From 7bf2dfc9ab59b7e6c438ac8f0df4f48ecbb258d2 Mon Sep 17 00:00:00 2001
From: Chris Lu <chrislusf@users.noreply.github.com>
Date: Wed, 10 Jun 2026 10:57:30 -0700
Subject: [PATCH] Bound the metadata-log flush queue (#9907)

* Bound the metadata-log flush queue

A stalled flush, e.g. slow volume servers under a reconnect storm, let up
to 256 queued 8MB buffer copies pin two gigabytes per log buffer while
producers kept filling the queue. Cap the queue at 16 so a sustained
stall backpressures writers instead of growing the heap. The flush
goroutine never feeds back into the buffer (system-log paths skip event
notification), so blocked producers cannot deadlock the consumer.

* Don't drop a force-flushed buffer on a full queue

ForceFlush enqueued with a two-second timeout, but by then the live
buffer was already sealed and reset, so a timed-out send silently lost
the copy.

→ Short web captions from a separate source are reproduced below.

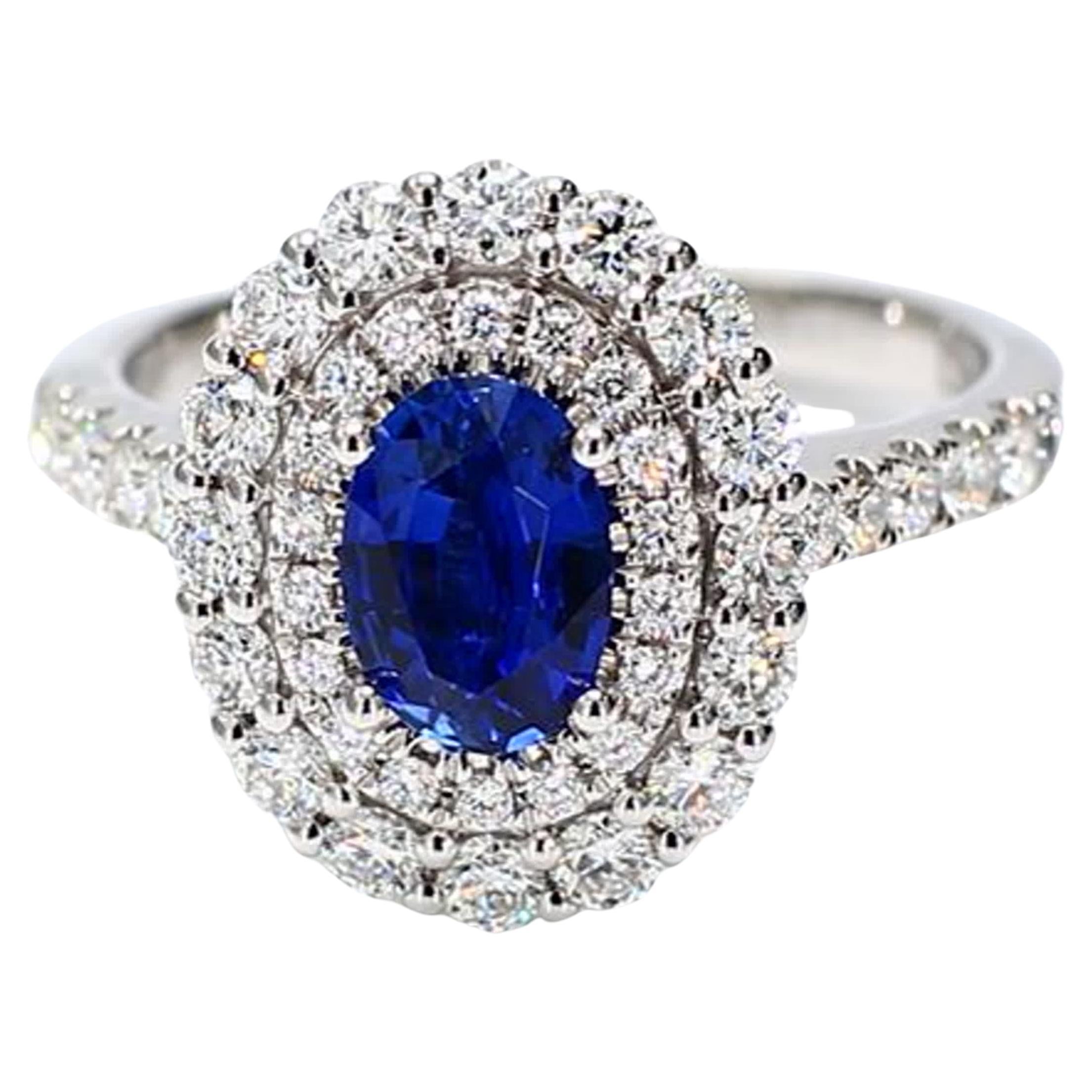 Natural Blue Oval Sapphire and White Diamond 1.97 Carat TW Gold Cocktail Ring For Sale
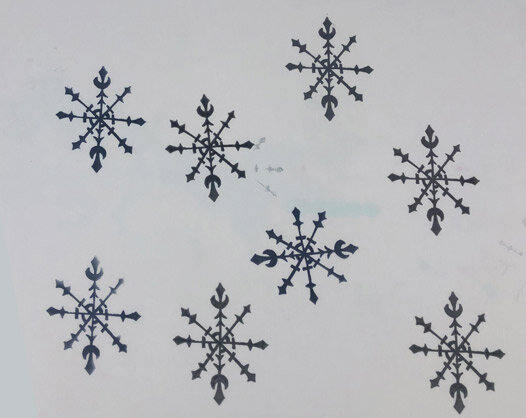 Seven black snowflake shapes evenly spaced on a white background.
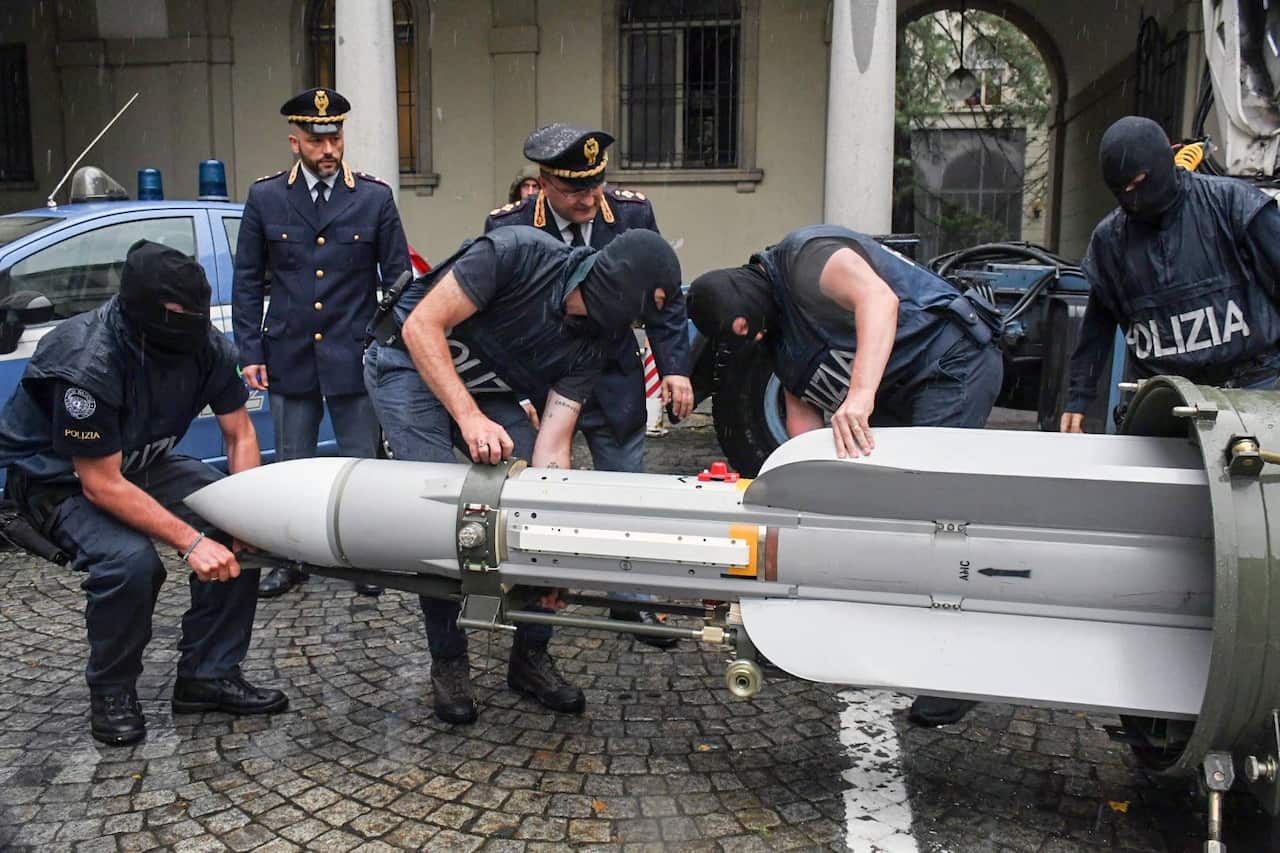 Special Forces of the anti-terrorist police officers inspect the air-to-air missile seized during the operation.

Block until the flush is queued; the wait for completion stays
bounded since the data is durable once the flush loop drains it.

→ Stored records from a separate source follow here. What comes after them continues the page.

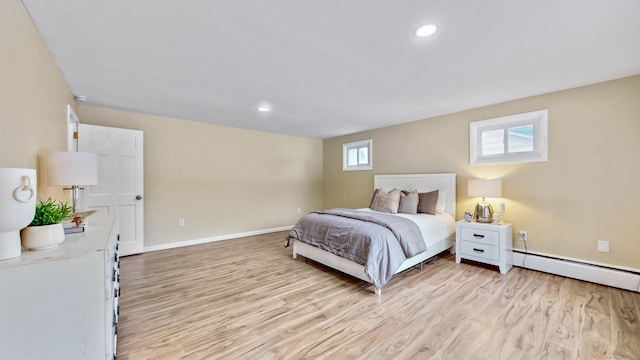 bedroom with light wood finished floors, a baseboard radiator, baseboards, and recessed lighting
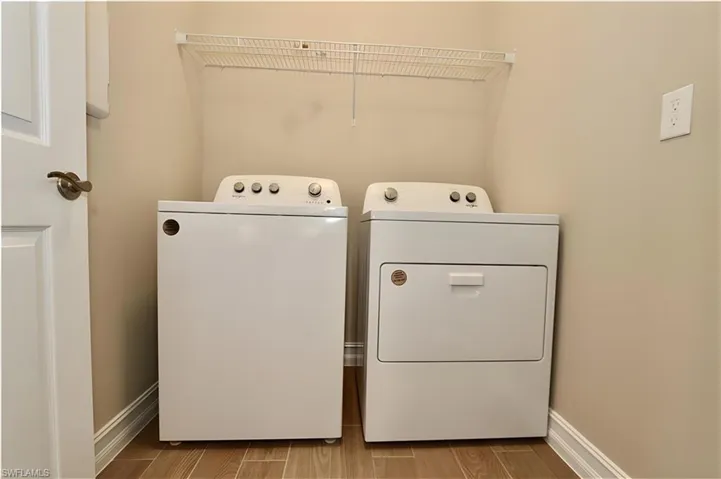 Laundry area featuring wood tiled floors and washing machine and dryer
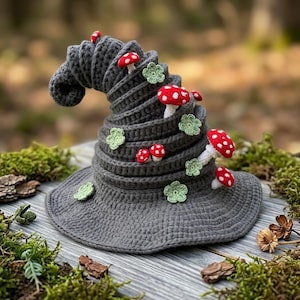Puede incluir: Un sombrero de ganchillo gris oscuro con forma puntiaguda y espiral. El sombrero está decorado con varios apliques pequeños de setas rojas y blancas y detalles de flores de ganchillo de color verde claro en la superficie.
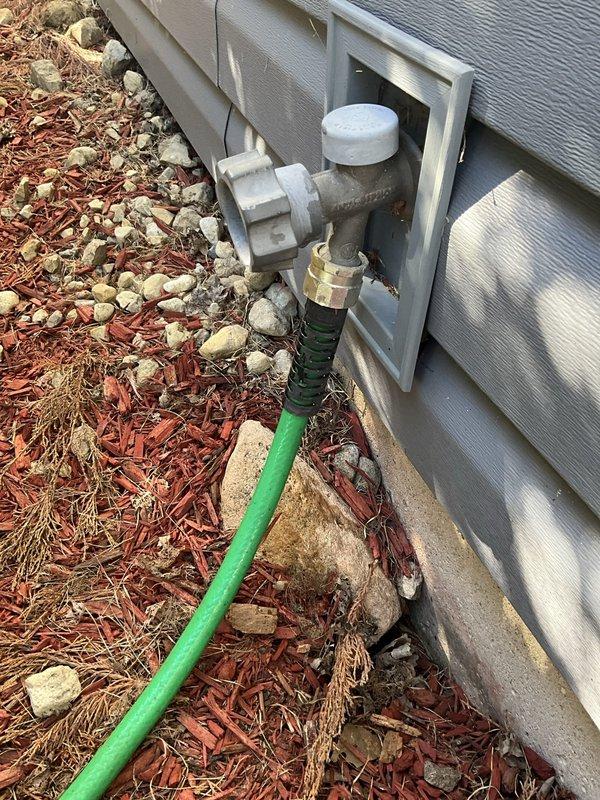 Responded to report of leaking outdoor spigot and performed inspection of exterior hose connection point. Accessed wall-mounted utility box containing PVC valve assembly and identified source of leak at spigot connection. Completed necessary repairs to eliminate water leakage and verified proper operation of outdoor water supply fixture.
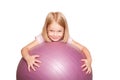 Happy little girl with fitness ball. Royalty Free Stock Photo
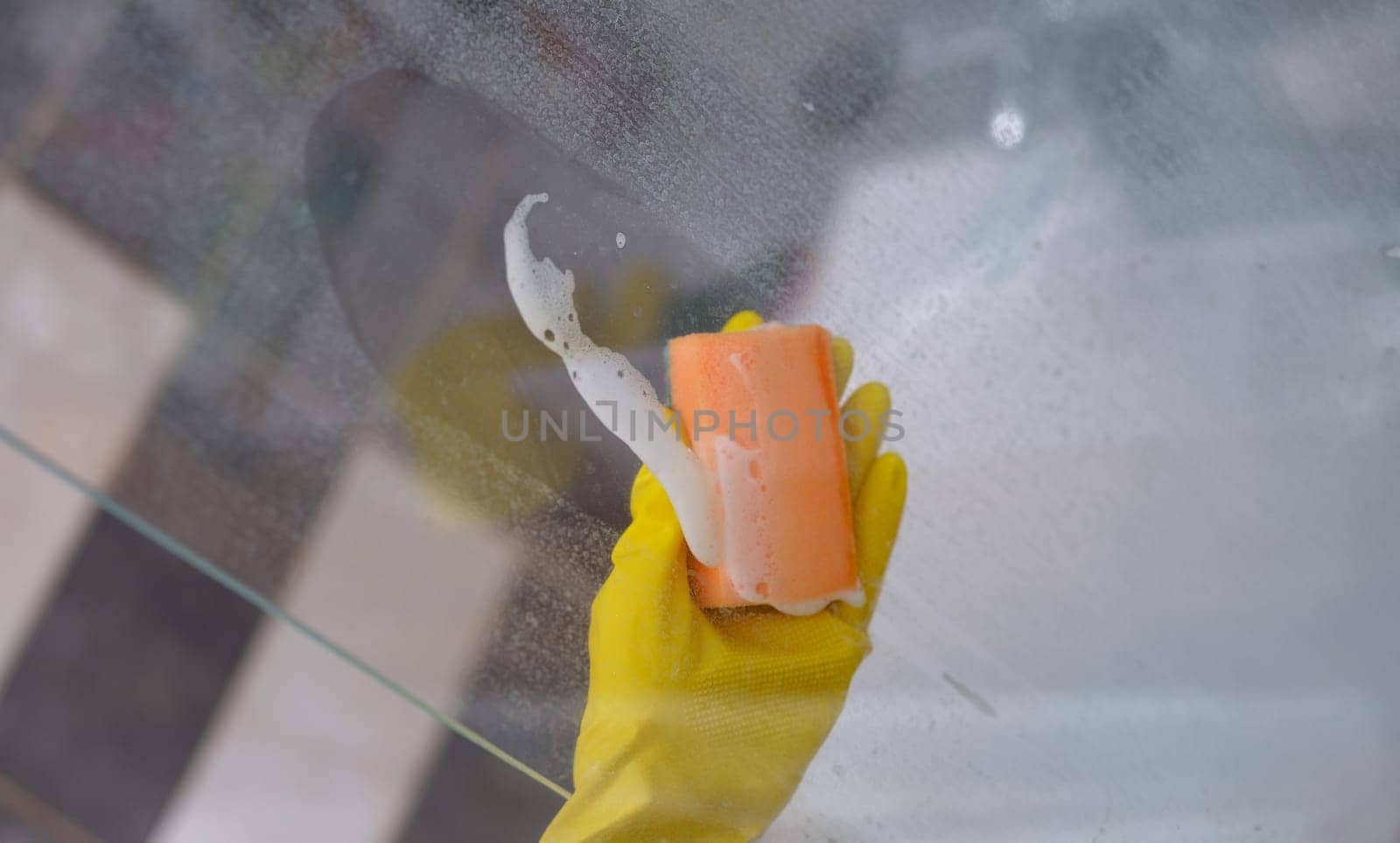 Cleaner in rubber gloves washing glass in bathroom with detergent and sponge closeup by kuprevich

* Never close the flush channel

ShutdownLogBuffer closed flushChan while producers could still be
blocked sending into it, which panics. Terminate loopFlush with a nil
sentinel instead, so the channel is never closed, and give every
producer-side send a shutdown escape so none parks forever once the
flush loop exits. Everything queued before the sentinel still drains,
preserving IsAllFlushed semantics.

* Copy the shutdown flush under the buffer lock

Every other copyToFlush call site holds the lock; the shutdown path read
the live buffer unlocked while producers could still be appending.
---
 weed/util/log_buffer/log_buffer.go | 96 +++++++++++++++++++-----------
 1 file changed, 61 insertions(+), 35 deletions(-)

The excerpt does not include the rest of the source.